Pada intinya, ICJ bicara tentang amandemen ragam Statuta yang memiliki implikasi langsung terhadap anggota-anggota negara. Amandemen ini dapat disetujui atas dasar dua organ lain yaitu General Assembly (organ anggota-anggota) dan Security Council (organ keamanan), dengan pertimbangan amandemen statute dapat mempengaruhi negara-negara bukan bagian dari UN.

Apabila dibaca lebih dalam, ICJ sebagai lembaga yudikatif memiliki hubungan sangat erat dengan satu organ lainnya, yaitu Security Council.

SECURITY COUNCIL.

Article 23 menjelaskan secara terang bahwa Security Council adalah terdiri atas 11 negara dengan 5 negara memiliki kedudukan permanen, yaitu China, Perancis, Rusia, Inggris dan Irlandia Utara, dan Amerika Serikat. 6 negara lain memiliki kedudukan tidak permanen dapat berubah-rubah sewaktu-waktu. Secara sederhana, Security Council adalah organ superpower dalam tubuh UN yang dapat berbuat sesuatu secara nyata dan perbuatannya dapat langsung dirasakan oleh masyarakat satu Bumi.

Security Council memiliki banyak peran terutama dalam menyelenggarakan UN itu sendiri, karena setiap organ UN selalu memiliki koneksi dengan organ ini yang diatur langsung dalam konstitusinya. Namun dalam hubungannya dengan ICJ, ICJ dapat menggunakan pendapatnya terhadap Security Council sebagai untuk menyelesaikan dispute di pasifik. Hal ini tertuang dalam article 34 number 3 UN Charter yang berbunyi:

"in making recommendations under this Article the Security Council should also take into consideration that legal disputes should as general rule be referred by the parties to the International Court of Justice in accordance with the provisions of the Statute of the Court."

Dispute di sini bukan dalam arti sengketa, misal sengketa perkawinan dan sebagainya, melainkan dalam arti peperangan kecil (skirmish) hingga dalam arti perang (war) seperti yang pernah terjadi di Gulf saat Iraq menyerang Kuwait, dan sebagainya.

Kemudian, dalam article 4 Statute of the International Court of Justice, dikatakan bahwa Security Council juga melakukan pemilihan hakim ICJ, dengan komposisi yang tidak dituangkan.  Security Council juga memiliki kemampuan untuk menutup pintu pengadilan terhadap para pihak yang sedang dalam 'perang', namun tidak menghilangkan kedudukannya di hadapan pengadilan itu sendiri.
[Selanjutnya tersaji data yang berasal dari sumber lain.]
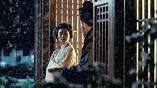 钱谦益老婆是谁？钱谦益与名妓柳如是有何故事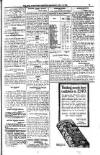 Civil & Military Gazette (Lahore) Saturday 10 July 1926 Page 13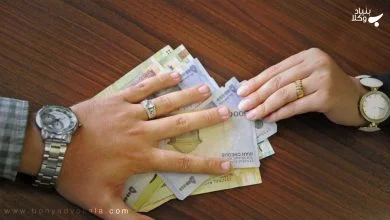 Ddy1RcpridpNcaT9mPaYVpcYv3RwOiG3CXe3CtX1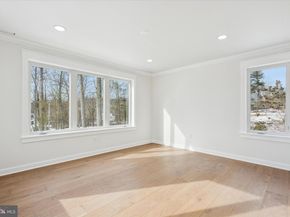 739 S Roberts Road, Bryn Mawr PA 19010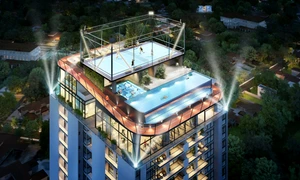padel1 jpg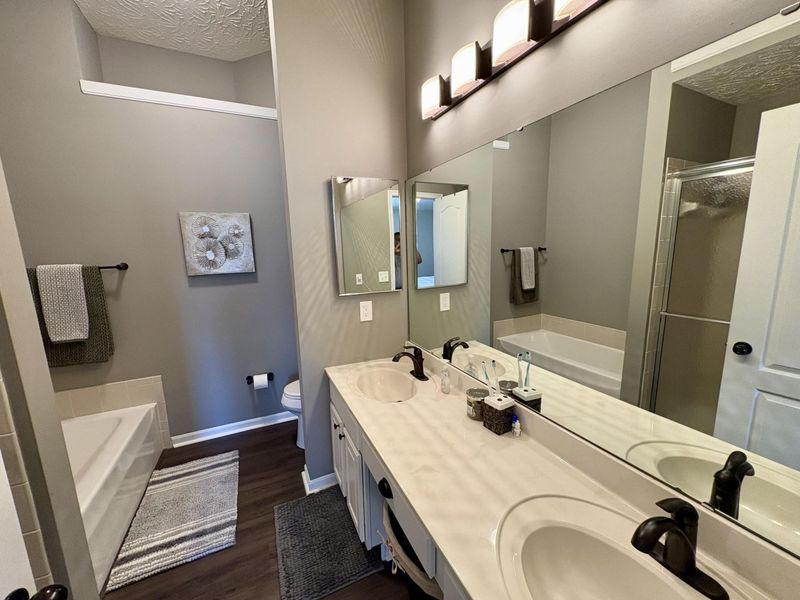 8619 Ellingsworth Way, Unit 7A, Florence, KY 41042 Photo 14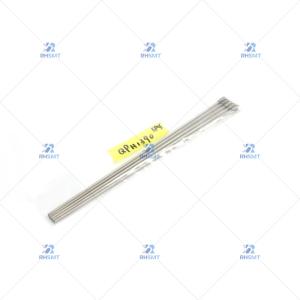 Quality FUJI IP3 VACUUM CHUCK DOG QPH1390 wholesale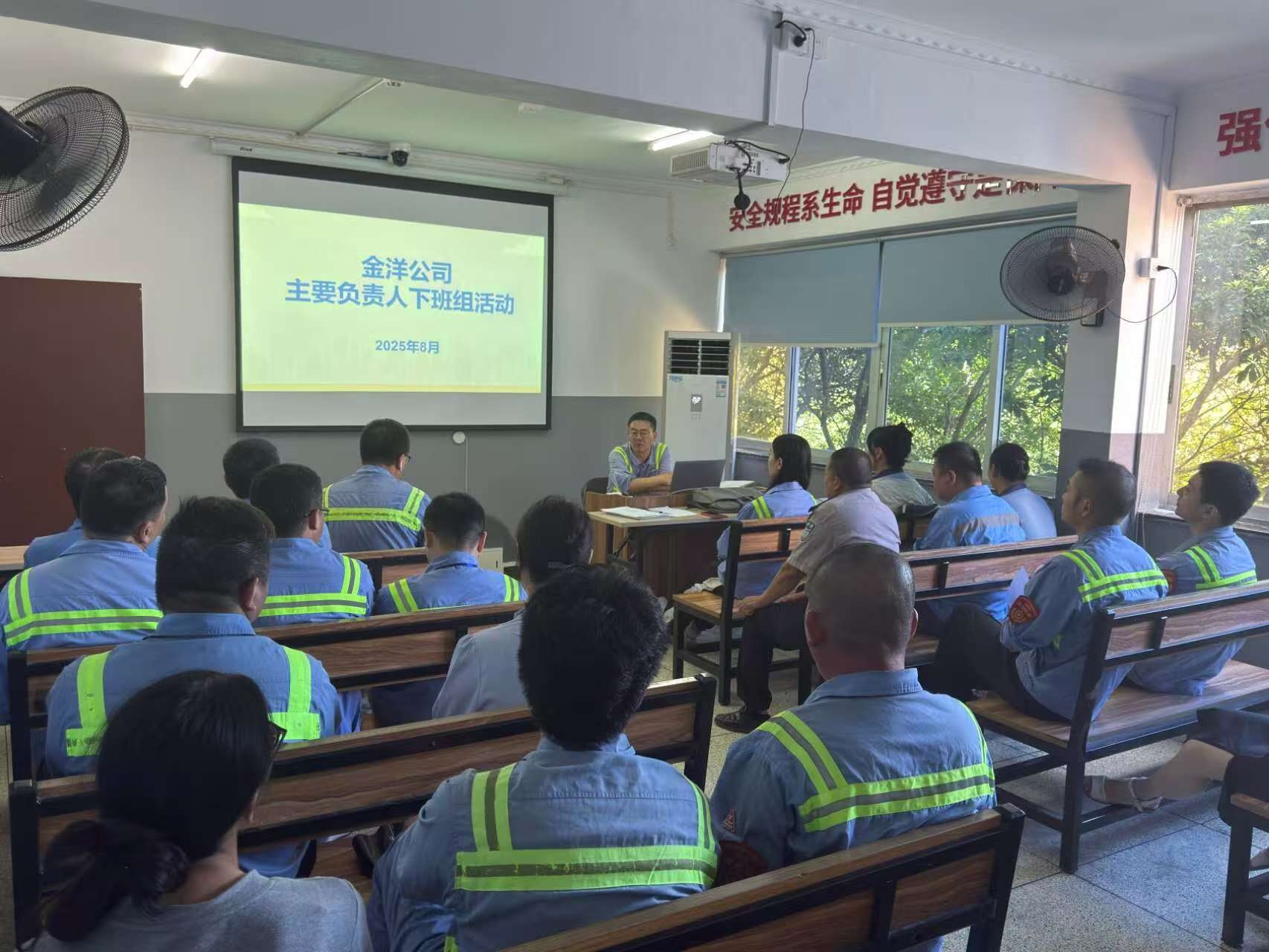 尊龙时凯·Z6(中国区)人生就是拼搏!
ICJ juga bisa menunda keputusan final terhadap suatu hal, dengan pertimbangan hal ikhwal genting yang memaksa, menyebabkan Security Council dan anggota yang mengalami 'dispute' tersebut harus turun tangan dalam penangangannya.

Demikianlah sedikit tentang International Court of Justice. Secara kelembagaan, ICJ kemudian berfungsi menangani pidana internasional diluar kewenangan ICC, dan menggunakan Hukum Internasional, yaitu Statuta, Treaty, dan sebagainya, untuk memutuskan perkara-perkara, mungkin termasuk juga pidana.

Artikel ini tidak sempurna, selain karena kekurangan penulis, tapi juga dikarenakan tidak menyertakan kasus pidana konkret. Kedinamisan ICJ menyelenggarakan hukum atas dasar Hukum Internasional secara holistik, menyebabkan percampuran yurisprudensi perkara dari sudut pandang pidana Indonesia sebagai konsekuensi dari perbedaan sistem hukum yang digunakan.

Dan karena itu, penulis tidak bisa memasukkan kasus pidana, mengingat yang dianggap pidana di hadapan pengadilan Indonesia, sangat mungkin bukan pidana di hadapan ICJ yang mendasari penyelesaian kasus berdasarkan hukum internasional. Kecuali, ketika sudut pandangnya berangkat dari Pidana Indonesia menuju hukum internasional, yang akan dibahas pada artikel selanjutnya.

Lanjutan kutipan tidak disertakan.